Faster structure matching via `StructureMatcher` (and by extension, `group_structures`)

[sgbaird]

Is your feature request related to a problem? Please describe.

Using StructureMatcher repeatedly causes a large overhead (in my use-case, ~40 hrs to check the performance of a generative benchmark via matbench-genmetrics).

Describe the solution you'd like Explore speeding up bottlenecks in the StructureMatcher algorithm, pre-screening, leveraging GPU for distributed calculation of matches, etc.

Describe alternatives you've considered These are in active discussion at https://github.com/sparks-baird/matbench-genmetrics/issues/9, e.g. AFLOW's XtalFinder, dscribe kernels

Additional context As a follow-up to @mkhorton 's https://github.com/sparks-baird/matbench-genmetrics/issues/9#issuecomment-1199738568, here are some flame graphs on repeated evaluations of StructureMatcher().fit(...):

%pip install matbench-genmetrics

from mp_time_split.utils.gen import DummyGenerator
from matbench_genmetrics.core import MPTSMetrics
from tqdm import tqdm

mptm = MPTSMetrics(dummy=True, verbose=False)
for fold in tqdm(mptm.folds):
    train_val_inputs = mptm.get_train_and_val_data(fold)

    dg = DummyGenerator()
    dg.fit(train_val_inputs)
    gen_structures = dg.gen(n=50)

    mptm.evaluate_and_record(fold, gen_structures)
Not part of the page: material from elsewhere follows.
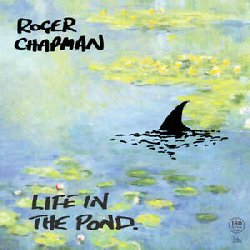 CHAPMAN ROGER :  LIFE IN THE POND  (RUF)

Dopo una lunga assenza dallo studio di registrazione, il settantanovenne cantautore britannico Roger Chapman  tornato al lavoro ed oggi propone il suo nuovo progetto intitolato Life in the Pond. Dodici anni dopo la celebre raccolta Hide Go Seek, il nuovo disco vede il veterano Chapman, leader della storica band Family, con alcuni vecchi compagni, tra cui il suo ex collega, co-compositore, polistrumentista e produttore John 'Poli' Palmer. Life in the Pond  un mix delle tante influenze che hanno attraversato e segnato la carriera di questo artista che dal caratteristico vortice di jazz, blues, folk e psichedelia dell'album di debutto dei Family del 1968, Music In A Doll's House, si  poi spostata verso la pi dura Americana degli Streetwalkers degli anni '70. Pi di quattro decenni dopo, Life In The Pond unisce tutti questi fili, trovando la voce di Chapman in forma strepitosa, in una tracklist che spazia dall'ipnotico di sette minuti Nightmare #5 a Rabbit, passando per il soul-funk distopico di Got The Gun. Il mondo  cambiato dagli anni '60, ma Roger Chapman ha ancora qualcosa da dire e con Life In The Pond, la sua voce di artista  pi vitale che mai.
print(mptm.recorded_metrics)

@mkhorton figured we could chat about bottlenecks and the potential for precomputing things and speedups. Here are some of my initial thoughts:

• we should be able to run _preprocess on all structures once and short-circuit it during later match matrix calculations
• precompute several common supercells for each structure and use a lookup instead of generating it on the fly. Not exactly clear to me how to implement that in: https://github.com/materialsproject/pymatgen/blob/6d1eae91dfbf996ed472de49ce5fe0fae985884d/pymatgen/analysis/structure_matcher.py#L469-L492
• _cart_dists is probably the easiest to replace or numba-fy, e.g. by implementing a jit-ed version of the Kabsch algorithm (@kjappelbaum)

Would be good to know how much memory is taken up by each calculation and whether or not these could be calculated in parallel on typical consumer GPUs.

Happy to move this to discussions if that's a better place.

[shyuep]

Speed ups are always welcome. But I want to note a few things:

1. Hashing is already done. E.g., if the fractional composition are not equal, two structures would immediately evaluate to not being equal without any matrix comparisons.
2. Most of the code is already vectorized in numpy. Any GPU optimizations that work with numpy would work with structure matcher.

If any further optimizations are implemented, it should not be at the cost of code maintainability or support for simple single CPU machines.

I should add that as implemented, StructureMatcher is meant for simple one-off comparisons. When we actually run matching across large structure sets (e.g., entire ICSD), we use various tricks to speed it up. Pre-grouping by composition. Reducing to primitive cell. All these allow us to disable some of the more costly aspects of the general structure matcher, e.g., generating supercells. Of course, the only people who really care about performance in this regard are people working with large databases of materials. That's not a huge population to begin with.

[mkhorton]

Thanks for creating this issue @sgbaird.

I agree with @shyuep's general points, but note that I don't think this is the easiest code to maintain as it is currently written either (eg, we do use the custom Cython linear assignment code that's quite difficult to understand), so I hope that there's good scope for improvements!

While large-scale usage may be comparatively rare, I certainly think the number of people needing to do large numbers of comparisons is increasing, and it's often been a bottleneck.

[mkhorton]

For the specific suggestions:

we should be able to run _preprocess on all structures once and short-circuit it during later match matrix calculations

Yes, this seems like an obvious optimization if this is being repeated. It's probably not the most critical piece (since it only has to be done once for each structure) but perhaps get_niggli_reduced_lattice can be accelerated too.

precompute several common supercells for each structure and use a lookup instead of generating it on the fly.

Think we'd have to try this out to see how useful it'd be in practice; it's not obvious to me how many supercells are needed to be generated.

_cart_dists is probably the easiest to replace or numba-fy, e.g. by implementing a jit-ed version of the Kabsch algorithm

Agreed, I do want to point out this for examples of where else optimized code in pymatgen lives (this was for neighbor finding). I note that numba is both excellent and a really troublesome dependency, since it typically lags behind the latest numpy and Python versions, so might err towards a Cython solution if feasible. Perhaps a simpler numpy-vectorized solution might also be a better option -- as @shyuep notes this is done in several places already, but perhaps we've missed an opportunity.

[lan496]

Let me mention that StructureMatcher.group_structures calls _preprocess for each structure only once (https://github.com/materialsproject/pymatgen/pull/2490). So, it is a little improvement, but using StructureMatcher.group_structures will reduce _preprocess part of the flame graph from O(n^2) to O(n), and ~150% faster as a whole.

[mkhorton]

That's fantastic @lan496! Sometimes the key to big speed improvements is lots of "small" optimizations, this is definitely appreciated :)